19 Responses to “Tory NI plans treat us all like fools”

  1. Henry

    Gosh, I’d never heard that one about ‘socialists’ before. So original.

    Let’s get rid of corporation tax (a tax on jobs, obviously), income tax (deters people from spending, so destroys jobs), VAT (ditto), IHT (stops dead rich people from spending money). And so on.

  2. huh?

    You are being deliberately dishonest. National Insurance is made up of two components: one part is paid directly by employees (11% of your salary) and one part is paid by your employer (currently 12.8% of your salary). Accordingly if you are paid £100 a week by your employer – the actual cost per week of employing you for the employer is really £112.80 as the employer also needs to pay a NI contribution on your behalf to the HMRC. This doesn’t matter so much in small companies, but in large companies which employ hundreds or thousands of employees (i.e. the kind which are currently writing letters in support of not raising the employers contribution to NI) a 1 percentage point increase can add up to a heck of a lot. There is no room to question that this is a tax on employment – it patently is.

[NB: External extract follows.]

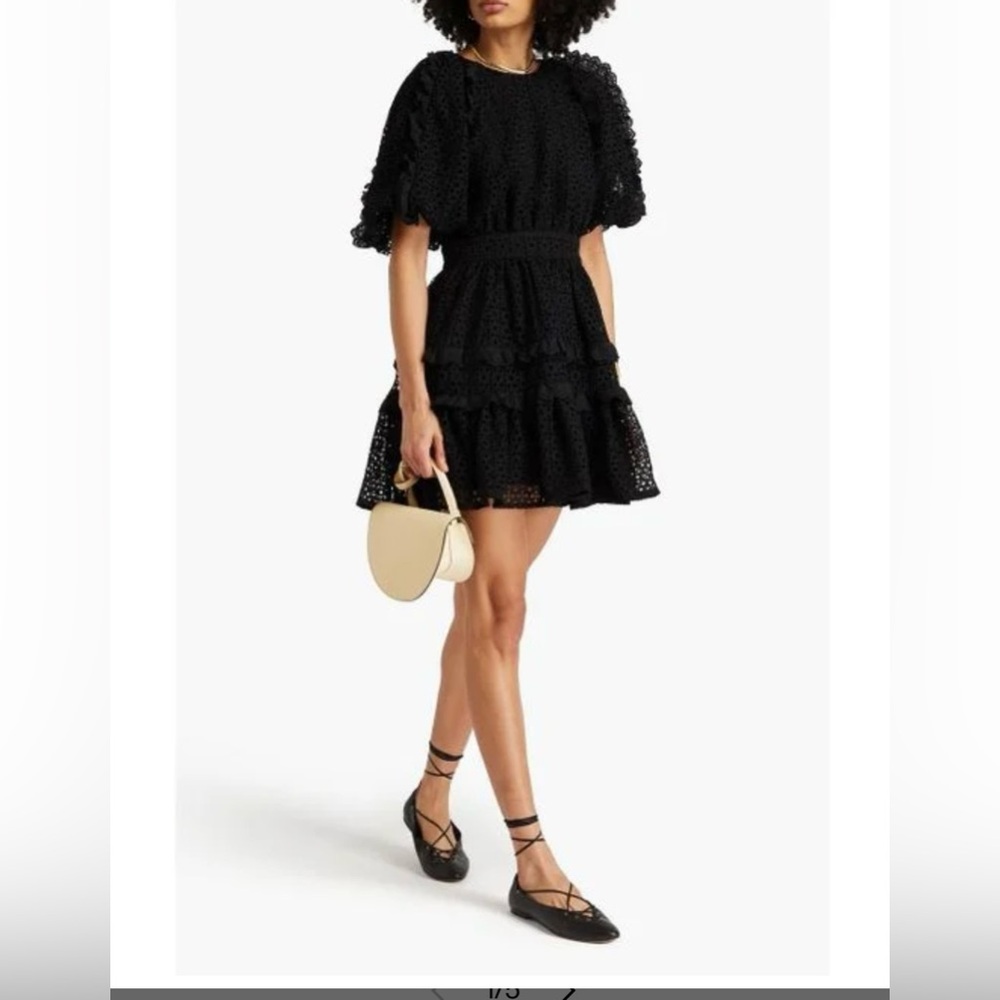 Aje Aveline Broderie Mini Dress Black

    Labour then attack the Tories by saying it is impossible to cut £6 billion (the amount of ‘lost revenue’ from not putting up the employer’s contribution to NI by 1% point) from the government’s budget without affecting frontline services. This year the Government is budgeting to spend £655 billion. £6 billion is therefore 0.9% of this total. Its ridiculous to say that you can’t reduce this budget by less than one percent without endangering frontline jobs.

    Labour then say you can’t afford to take £6 billion out of the economy at a time like this. Firstly it is not being ‘taken out of the economy’ – its actually just not being taxed out of the productive side of the economy and eaten up by government. The money remains in the hands of companies who can use it to boost their profits and thus potentially hire more employees, spend it on developing new products, etc. etc. Secondly, the UK’s GDP in 2010 is estimated to be about £1,200 billion. The so called £6 billion ‘cut’ is only 0.5% of that total. Even if that sum was to be magically ‘taken out of the economy’ (which it isn’t) it wouldn’t make any difference.

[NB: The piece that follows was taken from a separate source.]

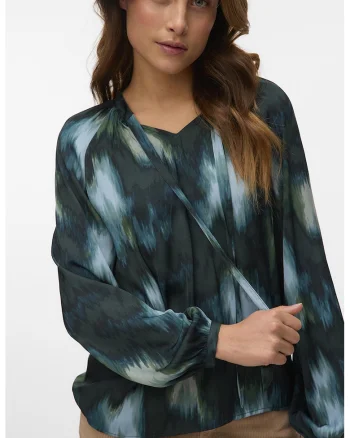 Bluza-tunica cu model tie-dye, Verde englez/Albastru deschis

    How this can actually be a ‘debate’ mystifies me.

  3. Evidence based? Really?

    Tyler and Mr Furious are spot on. Will the author admit that these charges are not evidence based?? NI is vastly different to income tax and VAT, to claim otherwise is plain wrong.

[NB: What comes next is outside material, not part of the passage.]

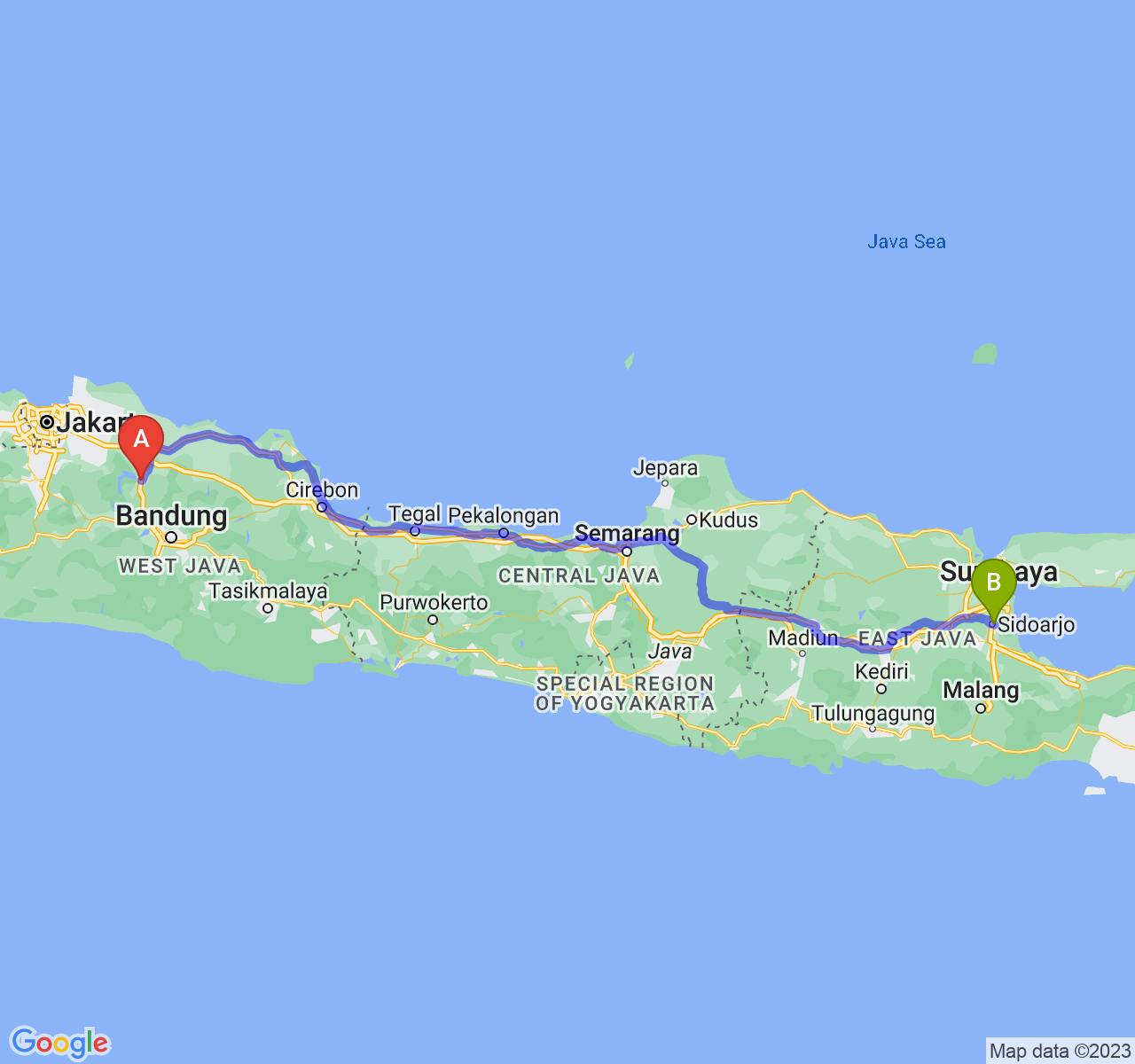 rute perjalanan Kab. Purwakarta-Kab. Sidoarjo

    I’m honestly not sure how £6billion giving money back to consumers and business will endanger the recovery- surely it is a perfectly valid stimulus to get people spending more and not to discourage employers from hiring?

    “the respective positions on NI means little in economic terms” Really?? Why then have all business groups, GB’s own advisors (no they are not tories before you try that old hat) said that it is?

    Simple economics; the more you tax employers on the staff they take on the less profitable it is to do so. Companies are motivated by profit, decrease the profit margin on an activity an decrease the incentive.

    I REALLY REALLY want to see the author respond to mine, Tyler and Mr Furious concerns.

  4. Varun

    FT Economics Editor Chris Giles on the same topic, with the same argument – quote: “national insurance cannot be described as a tax on jobs that will wreck the recovery…this is elementary textbook stuff”

    http://blogs.ft.com/money-supply/2010/04/08/uk-election-2010-national-insurance-nonsense/?utm_source=feedburner&utm_medium=feed&utm_campaign=Feed%3A+ft%2Fmoney-supply+(Money+Supply)

  5. Mr. Sensible

    Guys, would those retail businesses prefer an increase in VAT?

    After all, all Tory governments increase VAT and, tellingly, the Director General of the British Chambers of Commerce said on the radio that VAT was the lesser of 2 evils.

    Despite the fact that an increase in VAT would directly effect those retailers!